• [Work order] The result is the exact lines from the one containing "vidaXL Patas para" through the final line of the entries; leave out the pictures.

--------------------

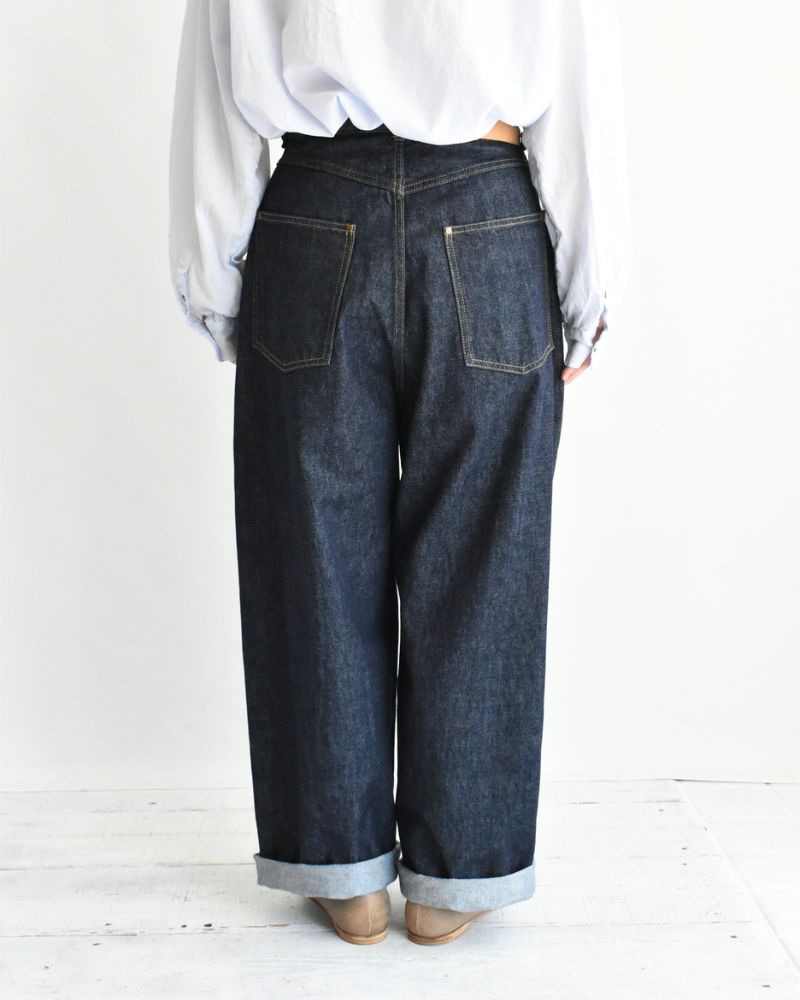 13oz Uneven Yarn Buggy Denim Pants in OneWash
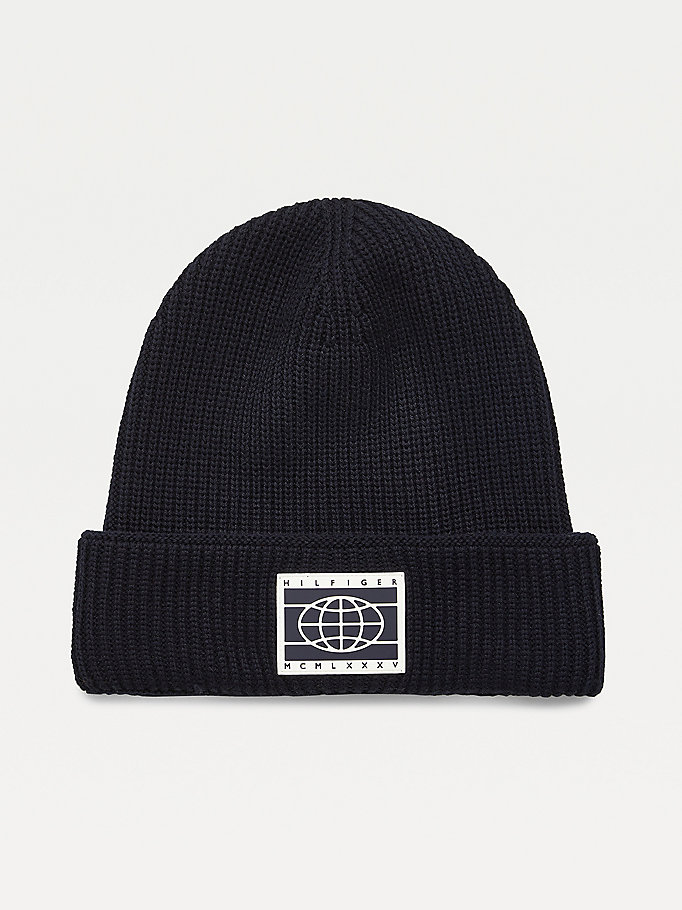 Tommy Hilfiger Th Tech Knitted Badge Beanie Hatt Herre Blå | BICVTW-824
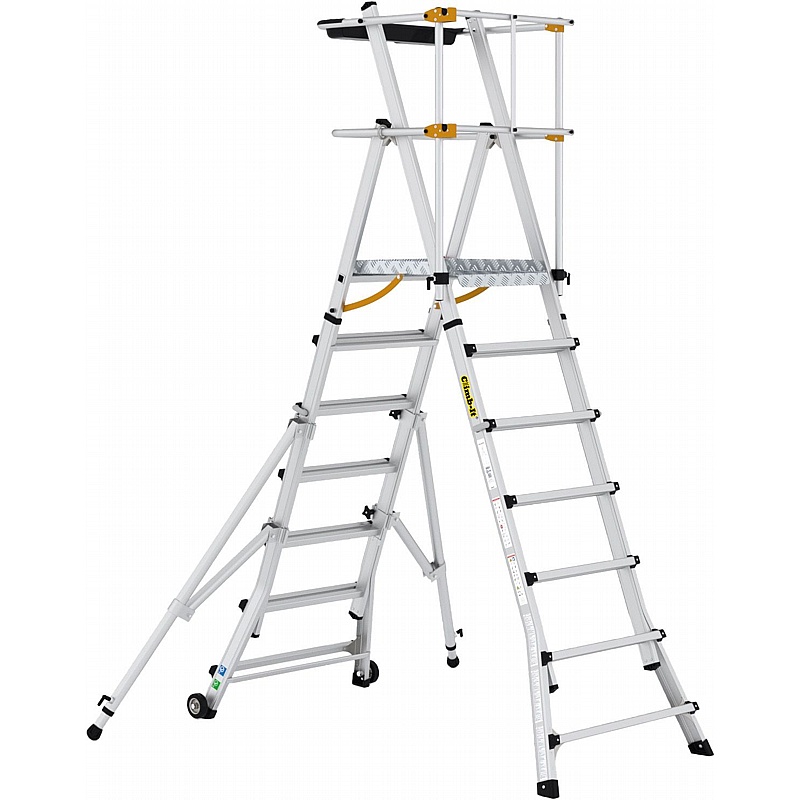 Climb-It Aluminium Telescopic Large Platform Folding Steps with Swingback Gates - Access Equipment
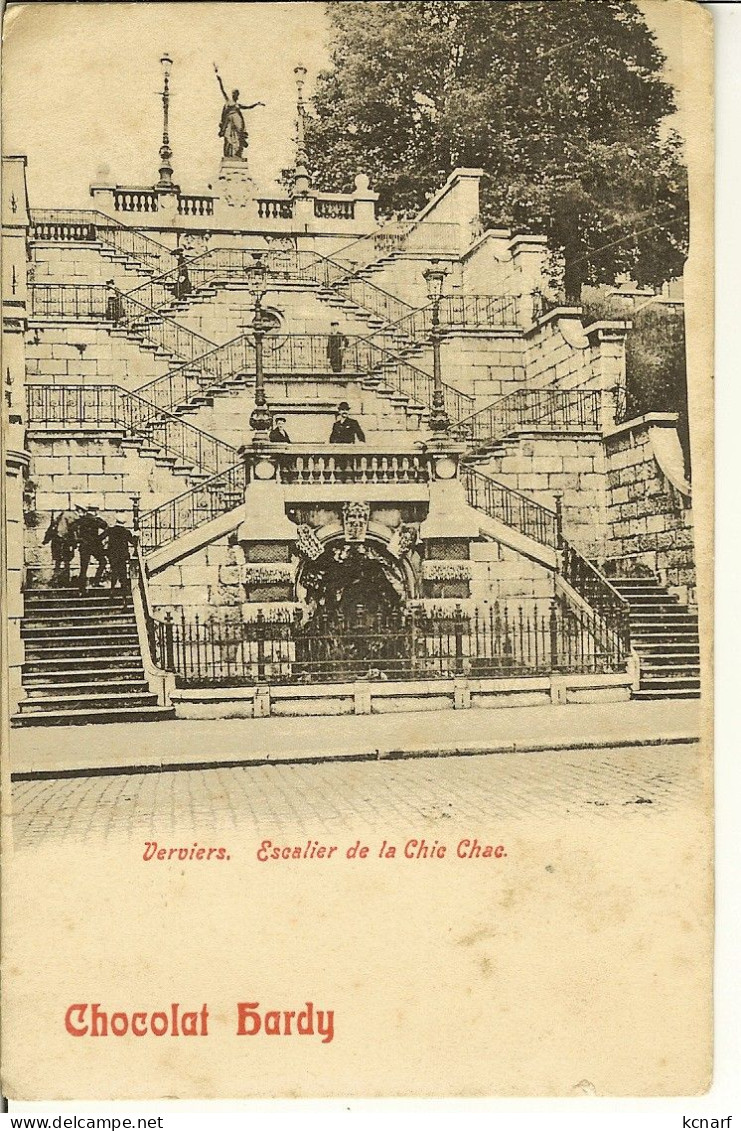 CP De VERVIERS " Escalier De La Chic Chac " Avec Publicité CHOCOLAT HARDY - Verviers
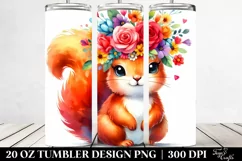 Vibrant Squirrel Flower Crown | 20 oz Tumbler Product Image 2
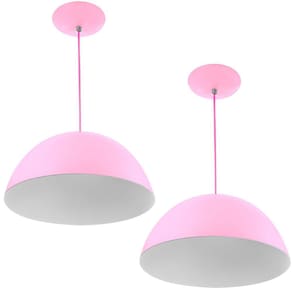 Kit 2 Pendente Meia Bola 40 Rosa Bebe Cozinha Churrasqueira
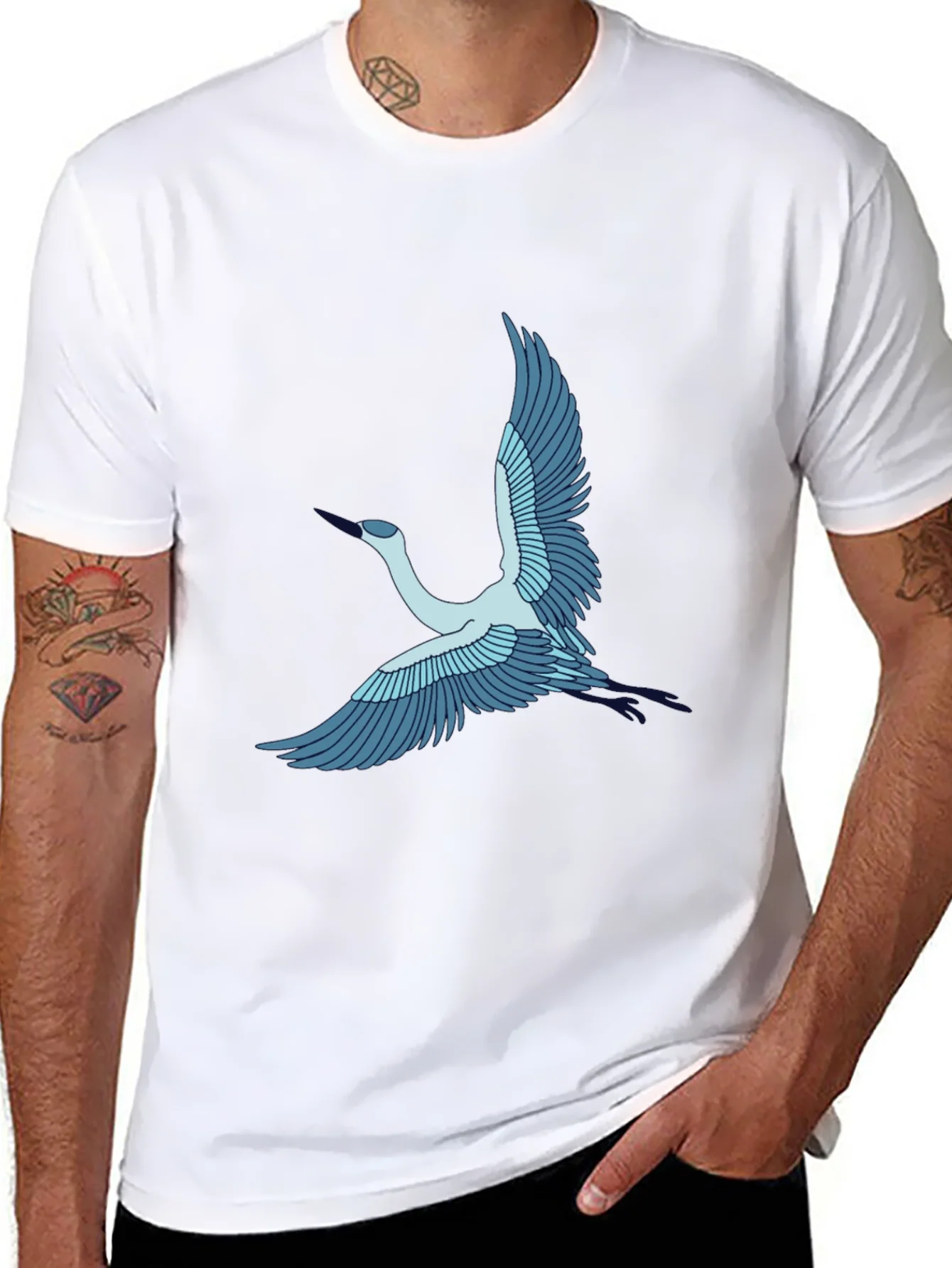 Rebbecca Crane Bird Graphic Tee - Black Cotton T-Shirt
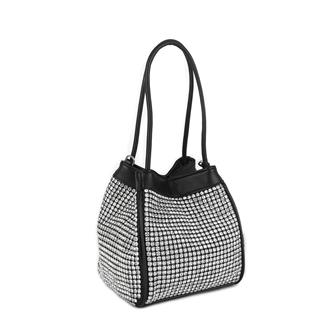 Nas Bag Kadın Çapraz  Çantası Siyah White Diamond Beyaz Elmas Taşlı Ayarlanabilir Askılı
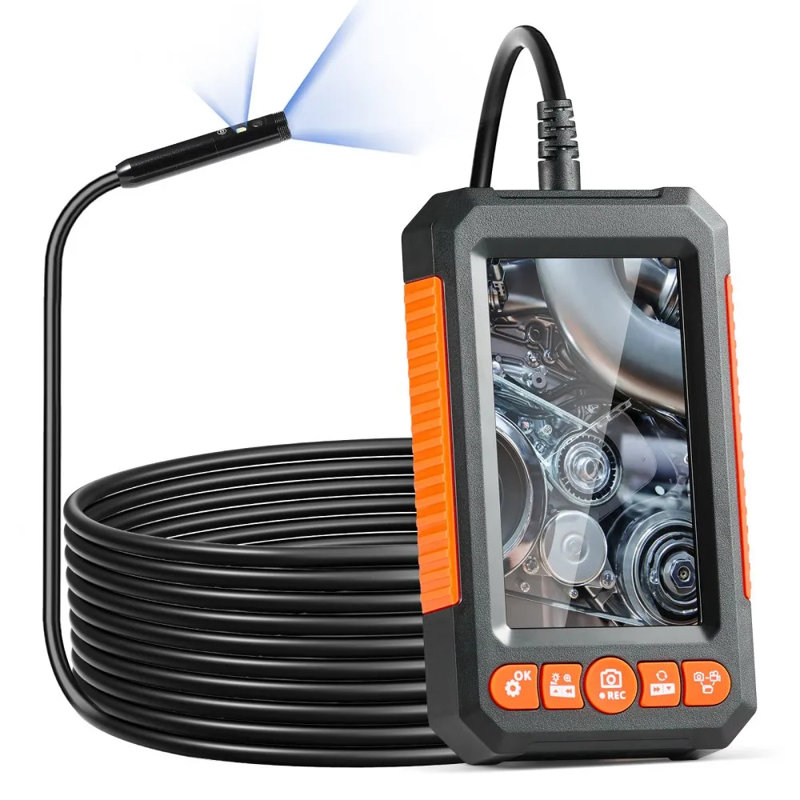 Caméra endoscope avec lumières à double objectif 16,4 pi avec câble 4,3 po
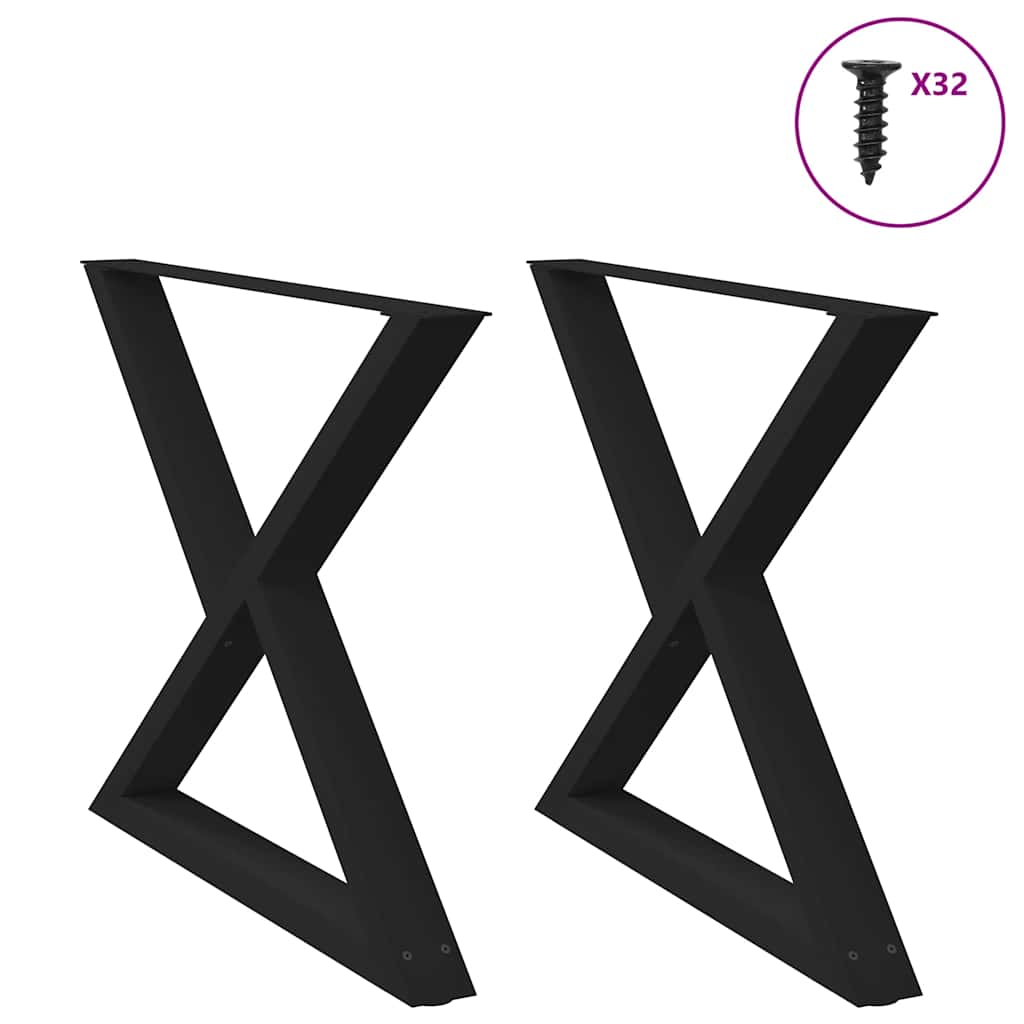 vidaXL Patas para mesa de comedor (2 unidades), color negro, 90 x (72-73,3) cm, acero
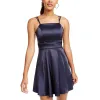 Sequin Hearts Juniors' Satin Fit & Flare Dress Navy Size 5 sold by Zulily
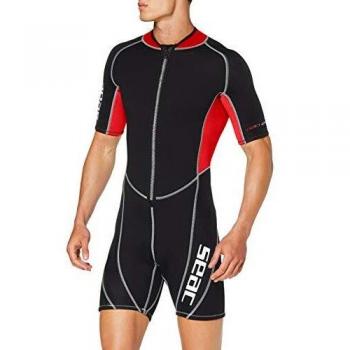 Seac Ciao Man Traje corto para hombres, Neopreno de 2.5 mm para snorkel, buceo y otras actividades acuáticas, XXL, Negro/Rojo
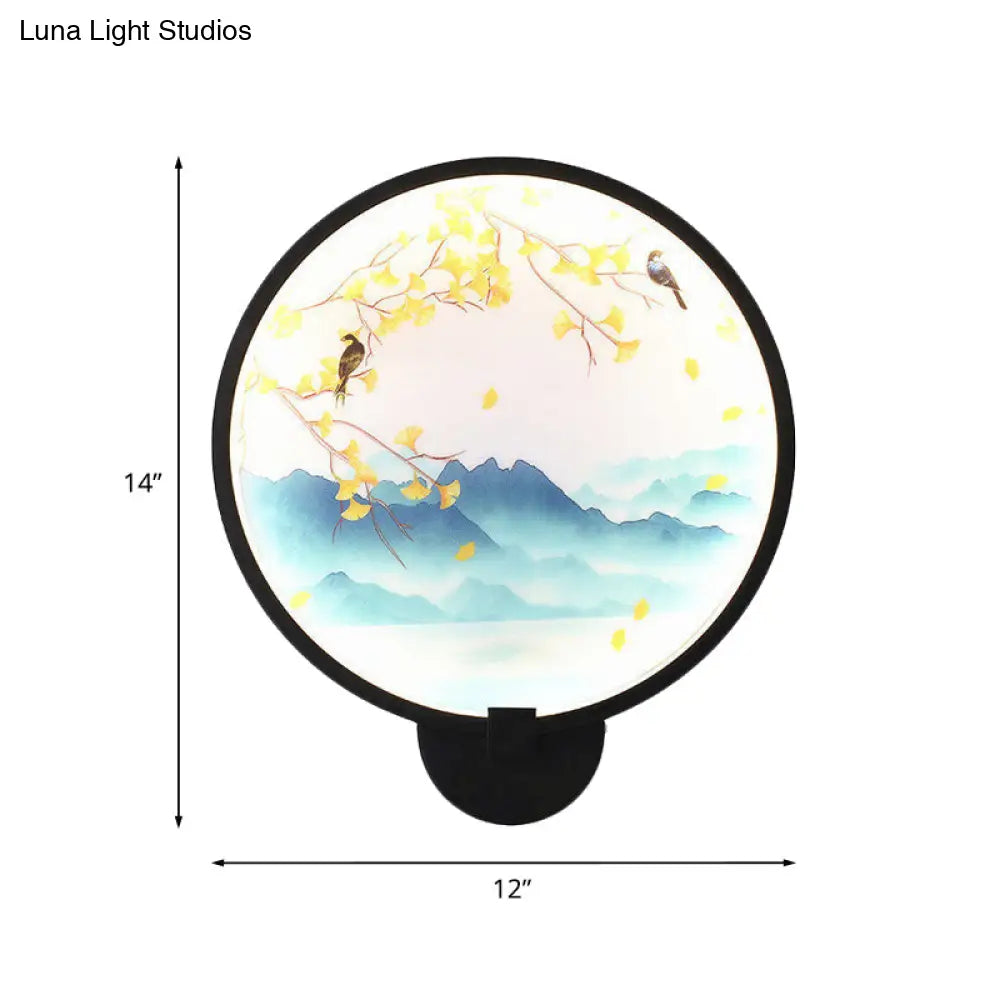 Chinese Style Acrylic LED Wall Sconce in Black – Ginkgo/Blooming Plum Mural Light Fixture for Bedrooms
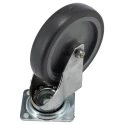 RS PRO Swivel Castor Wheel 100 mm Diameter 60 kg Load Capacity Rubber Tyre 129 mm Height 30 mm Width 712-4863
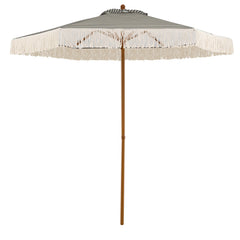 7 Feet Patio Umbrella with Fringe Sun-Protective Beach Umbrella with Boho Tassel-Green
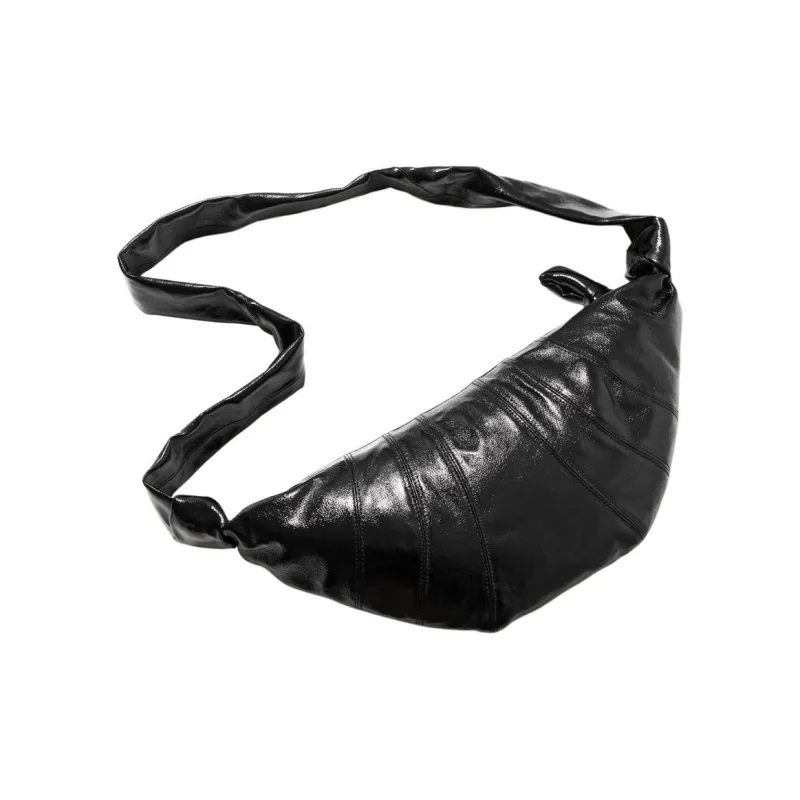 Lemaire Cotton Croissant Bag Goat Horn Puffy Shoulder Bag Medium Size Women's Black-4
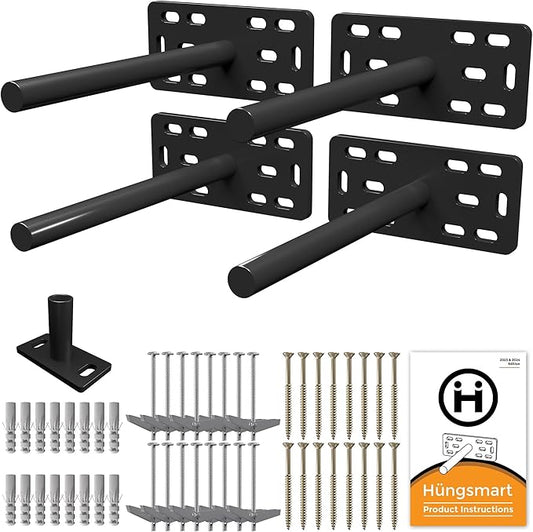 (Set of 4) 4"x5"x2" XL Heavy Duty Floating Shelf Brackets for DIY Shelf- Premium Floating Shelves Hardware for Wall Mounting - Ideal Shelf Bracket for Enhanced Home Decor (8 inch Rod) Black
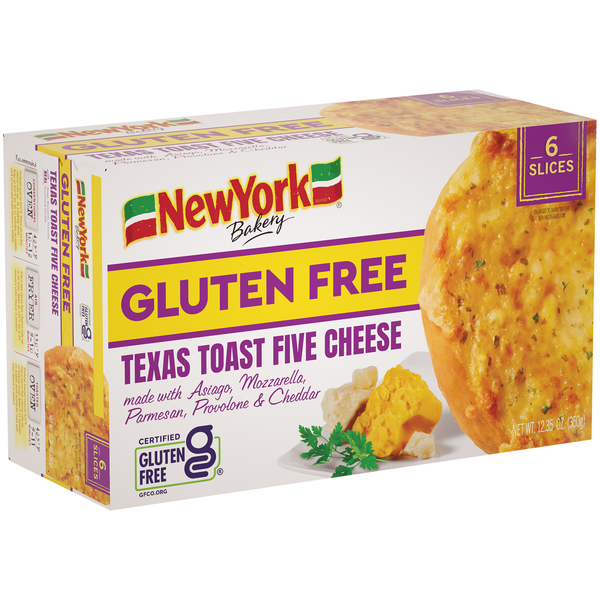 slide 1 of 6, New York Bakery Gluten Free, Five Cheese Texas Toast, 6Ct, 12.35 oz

--------------------

• [Problem solution]
 vidaXL Patas para mesa de comedor (2 unidades), color negro, 90 x (72-73,3) cm, acero
 Sequin Hearts Juniors' Satin Fit & Flare Dress Navy Size 5 sold by Zulily
 Seac Ciao Man Traje corto para hombres, Neopreno de 2.5 mm para snorkel, buceo y otras actividades acuáticas, XXL, Negro/Rojo
 Chinese Style Acrylic LED Wall Sconce in Black – Ginkgo/Blooming Plum Mural Light Fixture for Bedrooms
 RS PRO Swivel Castor Wheel 100 mm Diameter 60 kg Load Capacity Rubber Tyre 129 mm Height 30 mm Width 712-4863
 7 Feet Patio Umbrella with Fringe Sun-Protective Beach Umbrella with Boho Tassel-Green
 Lemaire Cotton Croissant Bag Goat Horn Puffy Shoulder Bag Medium Size Women's Black-4
 (Set of 4) 4"x5"x2" XL Heavy Duty Floating Shelf Brackets for DIY Shelf- Premium Floating Shelves Hardware for Wall Mounting - Ideal Shelf Bracket for Enhanced Home Decor (8 inch Rod) Black
 slide 1 of 6, New York Bakery Gluten Free, Five Cheese Texas Toast, 6Ct, 12.35 oz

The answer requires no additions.